■ WORK INSTRUCTIONS
For the entries that follow, set down each one exactly and drop any pictures.

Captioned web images
──────

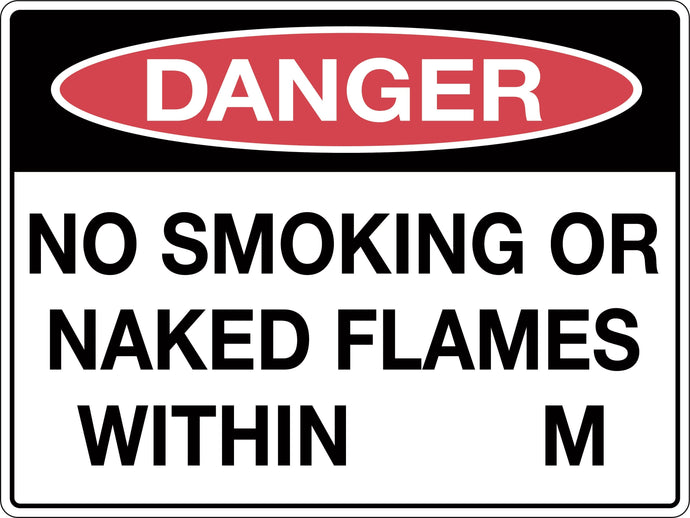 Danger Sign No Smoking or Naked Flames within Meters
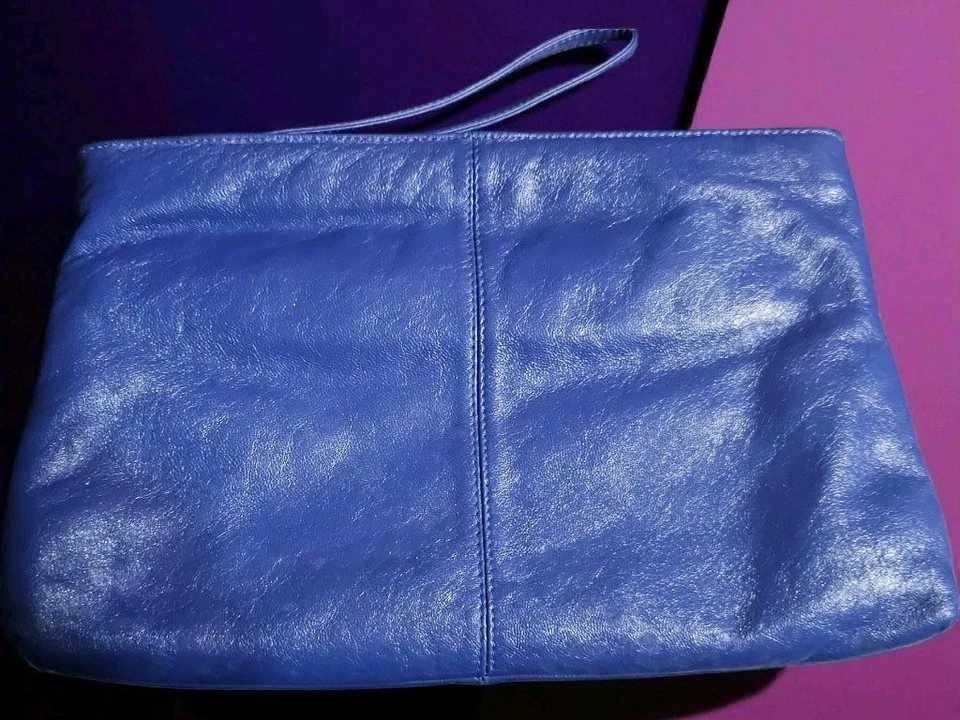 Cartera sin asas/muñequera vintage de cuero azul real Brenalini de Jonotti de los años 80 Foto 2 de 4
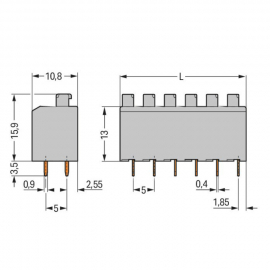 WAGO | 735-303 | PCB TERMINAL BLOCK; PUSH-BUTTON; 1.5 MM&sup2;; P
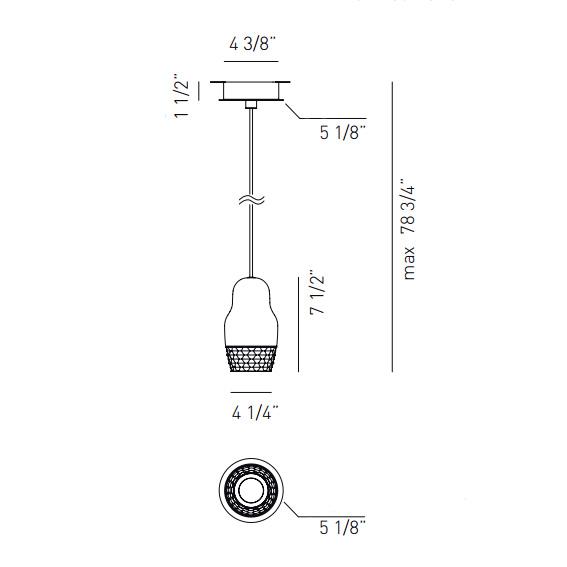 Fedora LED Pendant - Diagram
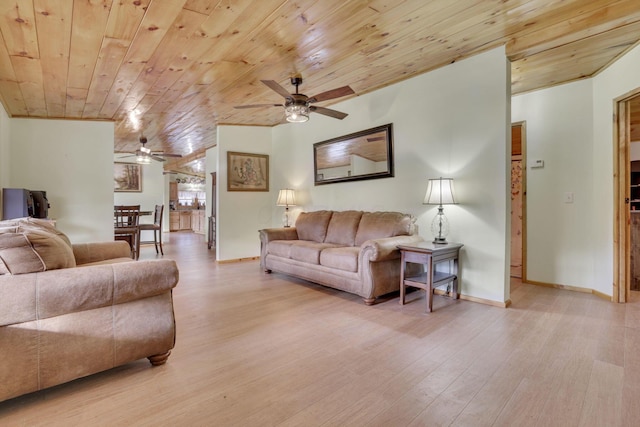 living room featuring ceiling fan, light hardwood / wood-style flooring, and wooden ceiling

──────

■ RESPONSE BOX
 Danger Sign No Smoking or Naked Flames within Meters
 Cartera sin asas/muñequera vintage de cuero azul real Brenalini de Jonotti de los años 80 Foto 2 de 4
 WAGO | 735-303 | PCB TERMINAL BLOCK; PUSH-BUTTON; 1.5 MM&sup2;; P
 Fedora LED Pendant - Diagram
 living room featuring ceiling fan, light hardwood / wood-style flooring, and wooden ceiling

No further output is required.